That doesn't void Tom's point. Even if Mann is shown thoroughly to be corrupt, for instance, that doesn't mean that everybody on his side of the debate is also corrupt. Or their data bad. Guilt by association?
As long as either side has as part of their argument, "The other side is biased, so it must be wrong!" this is a crap debate. And even if we stipulate that the AGW side started the Ad Hominems, it's still an Ad Hominem to point that out as part of your argument.
The whole Mann thing is akin to Pons and Flieschman. That is, the event is used as ammunition against anything pro cold-fusion (or, heck, fusion in general). Is that fair?
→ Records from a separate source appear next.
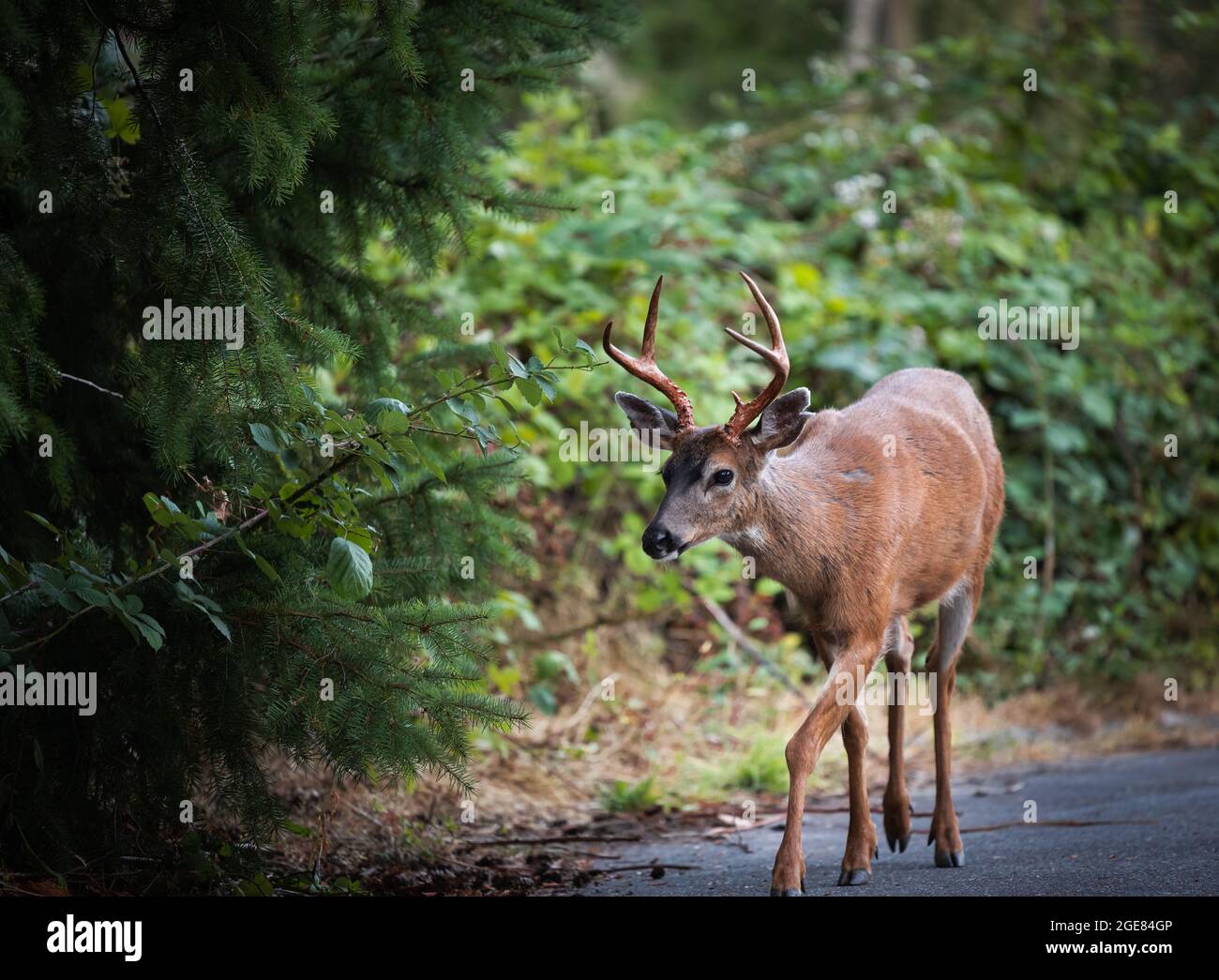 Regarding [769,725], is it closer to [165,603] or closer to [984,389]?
[984,389]

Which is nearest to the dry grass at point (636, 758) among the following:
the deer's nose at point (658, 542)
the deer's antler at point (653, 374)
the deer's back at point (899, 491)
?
the deer's nose at point (658, 542)

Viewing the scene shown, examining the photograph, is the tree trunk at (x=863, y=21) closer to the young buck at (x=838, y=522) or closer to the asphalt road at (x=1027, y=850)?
the asphalt road at (x=1027, y=850)

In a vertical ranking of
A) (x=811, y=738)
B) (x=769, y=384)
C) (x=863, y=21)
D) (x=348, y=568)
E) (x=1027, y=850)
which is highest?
(x=863, y=21)

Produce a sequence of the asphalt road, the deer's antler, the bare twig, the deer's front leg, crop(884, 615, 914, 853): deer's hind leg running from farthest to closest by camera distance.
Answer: the bare twig, crop(884, 615, 914, 853): deer's hind leg, the deer's antler, the asphalt road, the deer's front leg

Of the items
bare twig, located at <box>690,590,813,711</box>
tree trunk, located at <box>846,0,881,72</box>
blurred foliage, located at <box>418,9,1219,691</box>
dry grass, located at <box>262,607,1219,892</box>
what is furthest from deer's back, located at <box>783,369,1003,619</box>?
tree trunk, located at <box>846,0,881,72</box>

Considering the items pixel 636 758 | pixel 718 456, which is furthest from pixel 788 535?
pixel 636 758

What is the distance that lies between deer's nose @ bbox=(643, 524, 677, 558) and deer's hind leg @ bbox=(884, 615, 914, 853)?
112cm

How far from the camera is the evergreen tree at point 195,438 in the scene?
14.6ft

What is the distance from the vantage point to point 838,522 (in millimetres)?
5602

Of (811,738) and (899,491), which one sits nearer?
(811,738)

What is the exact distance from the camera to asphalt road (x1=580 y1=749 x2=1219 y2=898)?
16.4ft

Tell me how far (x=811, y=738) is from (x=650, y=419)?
1.42 meters

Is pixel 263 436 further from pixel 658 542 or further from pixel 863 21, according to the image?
pixel 863 21

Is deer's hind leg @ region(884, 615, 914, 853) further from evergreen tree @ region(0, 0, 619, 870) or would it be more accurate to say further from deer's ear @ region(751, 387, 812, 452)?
evergreen tree @ region(0, 0, 619, 870) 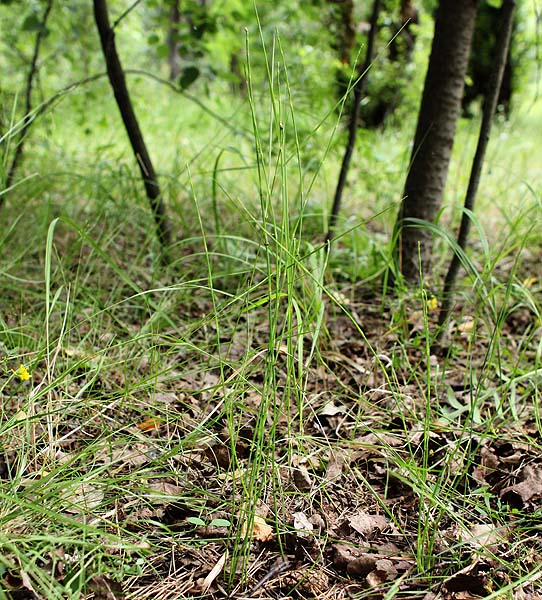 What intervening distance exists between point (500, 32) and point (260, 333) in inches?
45.0

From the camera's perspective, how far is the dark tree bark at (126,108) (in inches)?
82.4

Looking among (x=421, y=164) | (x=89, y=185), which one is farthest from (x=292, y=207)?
(x=89, y=185)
Forget fair... does that get us closer to the answer?
Mann is old, old news at this point. Anybody using that event doesn't have an argument, they have a vague opinion.
Frankly, I don't buy that AGW is proven by any means. But it's the arguments that point out that we don't understand the effects of the various possible inputs that are convincing to me. Not attacks on the credibility of some scientists (other than Mann) that I find very credible. They can be both credible, and even correct in the small scale, and yet wrong on the larger scale.
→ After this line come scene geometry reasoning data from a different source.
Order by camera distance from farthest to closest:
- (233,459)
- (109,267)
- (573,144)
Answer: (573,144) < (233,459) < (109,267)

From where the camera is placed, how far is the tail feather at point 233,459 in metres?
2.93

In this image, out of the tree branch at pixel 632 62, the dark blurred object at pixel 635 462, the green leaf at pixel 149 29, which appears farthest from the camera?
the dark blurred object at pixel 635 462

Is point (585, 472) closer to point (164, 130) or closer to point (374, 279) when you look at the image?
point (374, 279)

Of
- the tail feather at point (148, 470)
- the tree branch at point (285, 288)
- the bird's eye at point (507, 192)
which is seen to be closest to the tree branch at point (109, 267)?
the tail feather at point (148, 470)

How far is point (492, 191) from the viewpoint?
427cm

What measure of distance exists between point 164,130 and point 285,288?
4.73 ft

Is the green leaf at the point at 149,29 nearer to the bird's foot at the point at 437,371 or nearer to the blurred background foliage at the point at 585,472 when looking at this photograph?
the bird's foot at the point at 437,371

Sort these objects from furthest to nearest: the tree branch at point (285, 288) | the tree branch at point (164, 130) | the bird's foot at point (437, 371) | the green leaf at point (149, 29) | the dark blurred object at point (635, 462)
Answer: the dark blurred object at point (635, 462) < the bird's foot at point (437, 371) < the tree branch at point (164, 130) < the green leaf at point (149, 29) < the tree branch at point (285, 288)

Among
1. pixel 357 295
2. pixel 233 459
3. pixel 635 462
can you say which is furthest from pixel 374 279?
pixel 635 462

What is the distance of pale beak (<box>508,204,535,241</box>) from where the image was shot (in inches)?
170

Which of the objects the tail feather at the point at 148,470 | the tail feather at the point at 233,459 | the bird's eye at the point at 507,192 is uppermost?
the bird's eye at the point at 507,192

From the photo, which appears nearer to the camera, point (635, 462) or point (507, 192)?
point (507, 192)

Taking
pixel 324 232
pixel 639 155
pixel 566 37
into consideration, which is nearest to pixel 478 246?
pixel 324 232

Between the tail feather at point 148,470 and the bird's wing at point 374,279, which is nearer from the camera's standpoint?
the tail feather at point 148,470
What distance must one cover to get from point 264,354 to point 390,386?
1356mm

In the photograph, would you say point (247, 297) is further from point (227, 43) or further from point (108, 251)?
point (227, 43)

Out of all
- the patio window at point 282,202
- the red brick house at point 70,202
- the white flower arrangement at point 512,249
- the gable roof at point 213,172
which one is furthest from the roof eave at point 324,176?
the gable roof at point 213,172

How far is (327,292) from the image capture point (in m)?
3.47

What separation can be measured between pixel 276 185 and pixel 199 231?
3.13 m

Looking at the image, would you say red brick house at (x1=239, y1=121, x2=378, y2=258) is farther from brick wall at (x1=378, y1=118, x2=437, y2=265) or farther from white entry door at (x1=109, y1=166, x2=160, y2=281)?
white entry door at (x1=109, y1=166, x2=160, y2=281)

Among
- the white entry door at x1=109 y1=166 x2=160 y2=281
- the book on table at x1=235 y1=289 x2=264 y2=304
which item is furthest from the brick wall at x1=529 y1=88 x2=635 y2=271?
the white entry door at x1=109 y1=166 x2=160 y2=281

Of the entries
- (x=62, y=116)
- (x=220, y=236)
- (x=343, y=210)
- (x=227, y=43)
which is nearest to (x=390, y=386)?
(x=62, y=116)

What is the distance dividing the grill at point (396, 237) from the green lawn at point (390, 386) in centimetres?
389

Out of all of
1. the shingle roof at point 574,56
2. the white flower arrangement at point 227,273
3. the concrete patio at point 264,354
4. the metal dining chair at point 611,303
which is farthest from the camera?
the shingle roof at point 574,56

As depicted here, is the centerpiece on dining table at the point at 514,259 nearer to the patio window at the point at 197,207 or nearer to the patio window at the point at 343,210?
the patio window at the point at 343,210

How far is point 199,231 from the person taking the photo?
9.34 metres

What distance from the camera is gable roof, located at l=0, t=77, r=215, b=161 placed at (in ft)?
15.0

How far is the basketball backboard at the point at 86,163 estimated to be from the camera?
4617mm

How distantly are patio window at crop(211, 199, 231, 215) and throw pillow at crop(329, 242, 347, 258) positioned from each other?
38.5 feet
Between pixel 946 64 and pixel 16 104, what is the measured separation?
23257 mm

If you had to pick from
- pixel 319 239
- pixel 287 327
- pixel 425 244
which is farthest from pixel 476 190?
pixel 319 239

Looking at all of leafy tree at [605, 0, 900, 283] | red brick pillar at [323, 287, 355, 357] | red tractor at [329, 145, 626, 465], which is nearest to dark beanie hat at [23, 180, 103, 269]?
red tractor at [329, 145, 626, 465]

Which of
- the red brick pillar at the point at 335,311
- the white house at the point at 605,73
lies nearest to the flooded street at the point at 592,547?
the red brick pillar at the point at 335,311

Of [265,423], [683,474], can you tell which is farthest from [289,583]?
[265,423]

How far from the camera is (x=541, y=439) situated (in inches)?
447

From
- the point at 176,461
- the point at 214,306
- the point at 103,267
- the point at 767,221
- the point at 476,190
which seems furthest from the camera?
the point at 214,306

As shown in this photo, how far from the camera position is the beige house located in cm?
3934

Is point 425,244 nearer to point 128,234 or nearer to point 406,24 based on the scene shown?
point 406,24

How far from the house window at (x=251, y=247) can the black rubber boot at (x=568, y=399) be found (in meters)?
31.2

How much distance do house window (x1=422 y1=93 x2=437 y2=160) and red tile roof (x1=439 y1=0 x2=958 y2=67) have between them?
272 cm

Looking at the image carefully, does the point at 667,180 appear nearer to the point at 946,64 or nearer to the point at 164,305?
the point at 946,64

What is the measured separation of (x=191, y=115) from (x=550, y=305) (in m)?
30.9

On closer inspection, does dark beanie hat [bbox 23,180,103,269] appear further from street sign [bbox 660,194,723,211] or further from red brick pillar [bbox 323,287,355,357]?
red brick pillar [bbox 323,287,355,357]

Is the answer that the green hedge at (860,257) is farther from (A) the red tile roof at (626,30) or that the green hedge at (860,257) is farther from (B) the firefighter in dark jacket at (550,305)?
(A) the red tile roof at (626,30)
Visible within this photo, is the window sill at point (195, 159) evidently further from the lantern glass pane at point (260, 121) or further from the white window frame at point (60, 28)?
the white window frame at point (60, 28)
And the idea that there are no studies coming out that are pro-cooling (or pro-zero change) is ludicrous. I read them on almost a daily basis. right alongside studies that indicate warming. Arguments against AGW should stick to pointing out whether or not such data is being included in overall theories. Like the PDO data.
Huh, seems that somebody is paying attention to these things:
http://www.sciencedaily.com/releases/20 ... 230140.htm
Let's stop pretending that those two web-sites represent their respective sides in their entirity.